But they needed to. That’s because of the way the USSR started hemorrhaging money in the mid-1980s. There were two main culprits here. The first was such an absurd example of unintended consequences that it almost seemed like a satire of the sickness of Soviet society. That was the budget hole that Gorbachev’s anti-alcohol campaign created. Russia, it goes without saying, had had an intemperate relationship with vodka long before the Bolsheviks ever came to power, but it still managed to reach new levels of excessiveness under the Soviet system where, as the old joke went, people pretended to work and the bosses pretended to pay them. Why show up sober, or even at all, when how good a job they did was irrelevant? They didn’t. Instead, alcohol consumption doubled on a per capita basis between 1955 and 1979, which, in turn, was to blame for 90 percent of the days that Soviet workers missed.2 So Gorbachev, like the good technocrat he was (or at least aspired to be), tried to sharply curtail the sale of booze. And in this he was successful, although the benefits weren’t as large as he might have hoped given that many people just switched over to moonshine, and the costs, in terms of lost revenue from alcohol taxes, were larger than he might have expected; they amounted to 1.3 percent of GDP.3 Soviet communism, like tsarist autocracy before it, relied to an embarrassing degree on taxing the drunkenness it encouraged.

As painful as this was, it wouldn’t have been anywhere near enough to even cause a downturn in the economy, let alone the downfall of the Soviet empire, if another shock hadn’t come along at the same time. That, as we said at the start, was Saudi Arabia’s decision to triple its oil production in 1986. Prices, by that point, had already come down a substantial amount from their post-Iranian Revolution highs, but this sent them into a free fall; oil went from $30 to $10-a-barrel in a matter of months.
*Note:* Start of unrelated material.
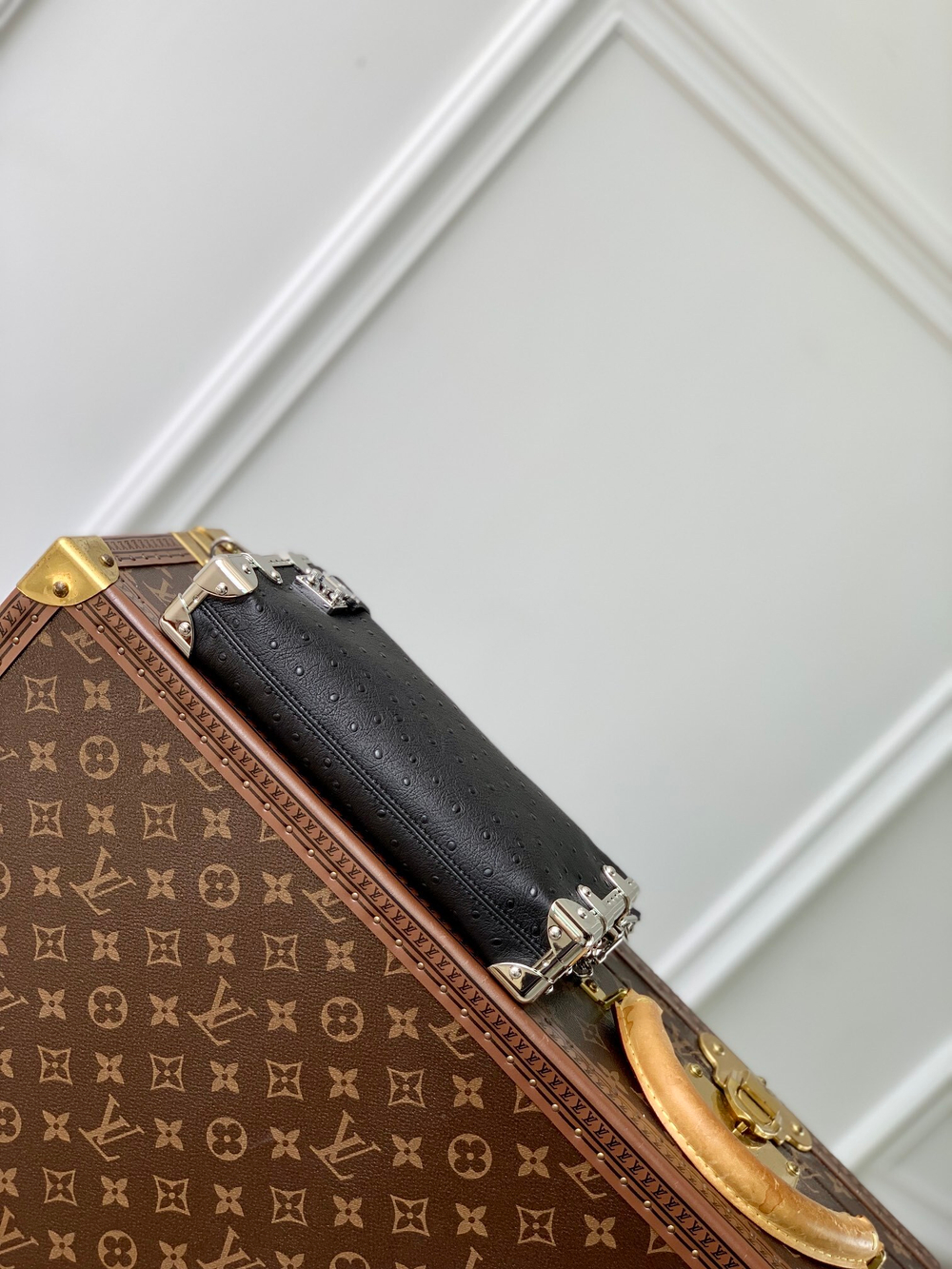 Louis Vuitton Slim Trunk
This cost the USSR, which was just as much a petrostate then as Russia is now, another 1.3 percent of GDP worth of revenue, just like its anti-alcohol drive had.4 It’s important to keep in mind, though, that even this shouldn’t have been anywhere near enough to cause the problems that it did. Losing this money, after all, only brought the USSR’s budget deficit to 6 percent of GDP5; countries manage that kind of situation all the time. But the Soviets weren’t able to because every normal option—cutting spending, raising taxes, or just admitting how much more they needed to borrow—seemed too unpopular to leaders who were acutely aware of how tenuous their hold on power was. They preferred to take the path of least fiscal resistance, which, in rather short order, proved to be the most economically expensive one. That was simply printing the money they needed.
It didn’t take long for inflation to take off. Now, on the one hand, it’s hard to say just how high it got when price controls made the official numbers fairly meaningless, and black markets weren’t exactly keeping records. But, on the other, it’s easy to see that it was more than high enough to make society fall apart. The most immediate consequence of which, as we touched on before, was that stores started running out of things entirely.
In the end, Engels was right that communism would lead to the withering away of the state
This was especially a problem when it came to food. Which, it’s worth taking a moment to point out, really shouldn’t have been the case. The fertile black soil of Ukraine had long been the breadbasket of Europe; if there’s one thing the USSR should have been able to do, it was feed itself. But the fact of the matter, in what might have been the biggest indictment there was of Soviet economic management, was that the lands of the USSR had gone from being the world’s biggest grain exporters under the tsar in 1913 to the world’s biggest grain importers under the communists in the 1980s.6 That’s how inefficient their collective farms were. (The few private farms that were allowed to exist into the 1960s were so much better run that, at the time, they accounted for over 33 percent of the USSR’s agricultural output despite only using 3 percent of the cultivated land).7
This low level of productivity would seem like the good old days, however, once prices started soaring like they did in the late 1980s. State-run farms, which had always suffered from a lack of motivation, now had even less of it since all this inflation meant they’d have to sell their crops for less and less of what they really cost; official grain harvests slumped from an already anemic average of 200 million tons a year during the second half of the 1980s to a mere 60 million tons by 1991 (although, to be fair, some of this was due to more grain being siphoned off to the black market).8 But in any case, this meant that the Kremlin had to buy more food overseas to then sell at deep discounts back home, which wasn’t easy, or eventually even possible, for the hard currency-strapped Soviet state. Not that Moscow didn’t try; by 1988, just when things were really beginning to spin out of control, it was already spending 5 percent of GDP on meat and dairy subsidie alone.9 Even if that’d been sustainable—which it wasn’t—the bigger problem was that it didn’t do much good to help people afford things that were so hard to find in the first place. Lines had actually gotten so long by this point that, according to one Soviet economist’s calculations, people could have earned 75 percent of the average income if they’d spent that time working instead.10 In the world of the eight-hour Soviet workday, shopping had become like an extra nine-to-three job. At least, that is, until things deteriorated so much, like they did in 1991, that only 8 percent of markets had butter, 12 percent had sausages, and 48 percent didn’t have anything at all.11 Waiting for groceries had turned into waiting for Godot.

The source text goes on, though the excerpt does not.